Aos dez anos de idade, com a família de regresso ao Recife, ingressou no Colégio Marista, onde permaneceu até concluir o curso secundário. Em 1938, frequentou o Café Lafayette, ponto de encontro de intelectuais que residiam no Recife. Dois anos depois, a família transferiu-se para o Rio de Janeiro, mas a mudança definitiva só foi realizada em fins de 1942, ano em que publicaria o seu primeiro livro de poemas, Pedra do sono.

Depois de ter sido funcionário do Departamento Administrativo do Serviço Público (Dasp), em 1945, foi aprovado em concurso para diplomata. No Ministério das Relações Exteriores, iniciou uma larga peregrinação por diversas cidades, como Barcelona, Londres, Sevilha, Marselha, Genebra, Berna, Assunção, Dacar e outras. Em 1984, foi designado para cônsul-geral na cidade do Porto. Em 1987, voltou a residir no Rio de Janeiro. Eleito membro da Academia Brasileira de Letras (ABL), tomou posse em 6 de maio de 1969. Em 1990, aposentou-se da carreira de diplomata.
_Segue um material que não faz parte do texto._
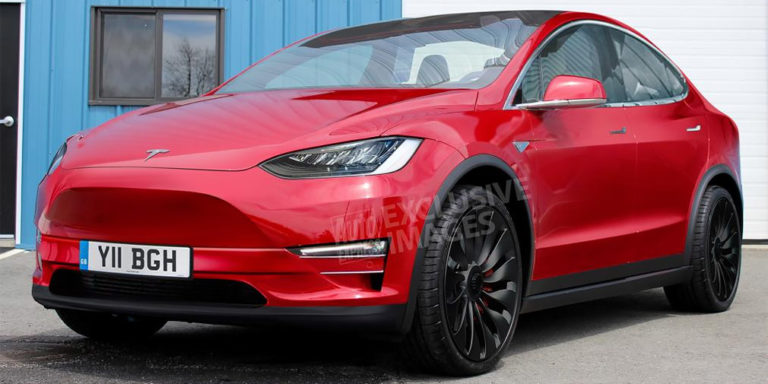 Tesla відклала випуск компактного електричного кросовера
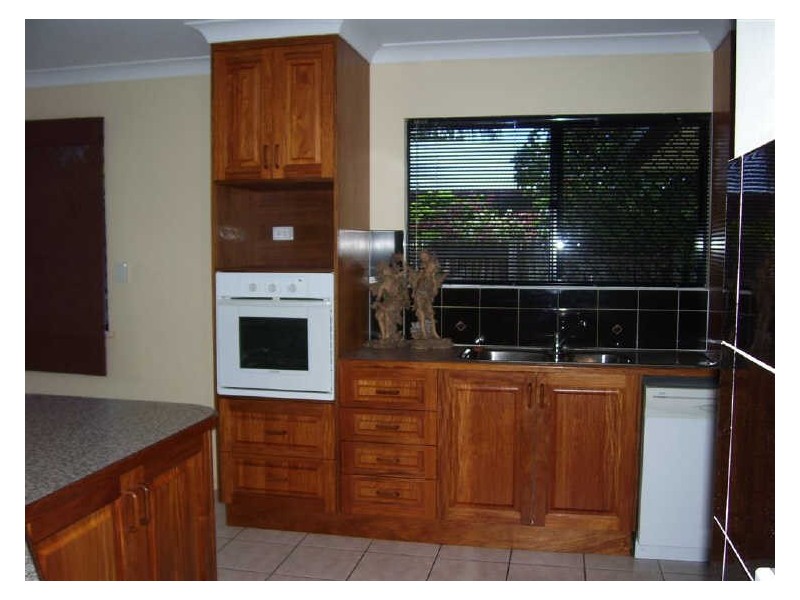 10 Peters Place, Bowen QLD 4805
De sua obra poética, destacam-se os seguintes títulos: Pedra do sono (1942); O engenheiro (1945); O cão sem plumas (1950); O rio, (1954); Quaderna (1960); Poemas escolhidos (1963); A educação pela pedra (1966); Morte e vida severina e outros poemas em voz alta (1966); Museu de tudo (1975); A escola das facas (1980); Agrestes  (1985); Auto do frade (1986); Crime na calle Relator (1987); e Sevilla andando (1989). Em prosa, publicou o livro de pesquisa histórica O Brasil no Arquivo das Índias de Sevilha, editado em 1966 pelo Ministério das Relações Exteriores, um ensaio sobre o pintor catalão Joan Miró (1893-1993), publicado em 1952, e Considerações sobre o poeta dormindo, tese apresentada ao Congresso de Poesia do Recife, em 1941. A Editora Nova Fronteira, do Rio de Janeiro, publicou em 1994 sua Obra completa.

IV

Waldecy Tenório, nascido em Palmares-PE, estudou Humanidades no Seminário de Olinda, graduou-se em Letras Clássicas e fez doutorado em Filosofia na USP. Foi professor no Programa de Estudos Pós-graduados em Ciências da Religião da Pontifícia Universidade Católica (PUC), de São Paulo, e assessor do educador, pedagogo e filósofo Paulo Freire (1921-1997) na Secretaria de Educação de São Paulo.

É autor também de O Amor do herege: resposta às Confissões de Santo Agostinho (Paulinas, 1986) e João Alexandre Barbosa: o leitor insone (Edusp, 2007), em co-autoria com Plínio Martins Filho (organizadores). Pesquisador e membro do conselho científico da revista da Associação Latino-Americana de Literatura e Teologia, foi pesquisador do Instituto de Estudos Avançados da USP. Foi redator e editor de várias seções na redação de O Estado de S. Paulo e, mais tarde, editor-adjunto do suplemento Cultura deste jornal, além de colaborador da Abril Cultural e da revista Realidade e coordenador de projetos da Fundação Roberto Marinho.